◆ **TASK DESCRIPTION**: Write out, word for word, every line from the one containing "Calypso Lyrics English" through the last line of the records below, both ends included.

+++ MATERIAL FOR THIS EXERCISE

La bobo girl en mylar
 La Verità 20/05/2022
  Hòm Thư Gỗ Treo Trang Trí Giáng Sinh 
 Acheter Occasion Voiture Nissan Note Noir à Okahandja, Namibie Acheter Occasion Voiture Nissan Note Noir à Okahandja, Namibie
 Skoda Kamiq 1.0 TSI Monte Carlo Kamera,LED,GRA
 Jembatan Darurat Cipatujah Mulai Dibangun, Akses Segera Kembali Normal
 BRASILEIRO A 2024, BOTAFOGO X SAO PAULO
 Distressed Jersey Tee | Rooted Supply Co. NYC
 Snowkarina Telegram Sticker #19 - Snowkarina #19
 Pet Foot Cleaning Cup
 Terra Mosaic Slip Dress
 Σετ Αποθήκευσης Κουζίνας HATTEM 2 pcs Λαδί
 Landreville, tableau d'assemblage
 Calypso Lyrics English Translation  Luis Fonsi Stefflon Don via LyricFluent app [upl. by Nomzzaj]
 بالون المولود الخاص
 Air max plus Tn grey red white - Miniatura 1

++++++

◆ **RESULT BELOW**:
 Calypso Lyrics English Translation  Luis Fonsi Stefflon Don via LyricFluent app [upl. by Nomzzaj]
 بالون المولود الخاص
 Air max plus Tn grey red white - Miniatura 1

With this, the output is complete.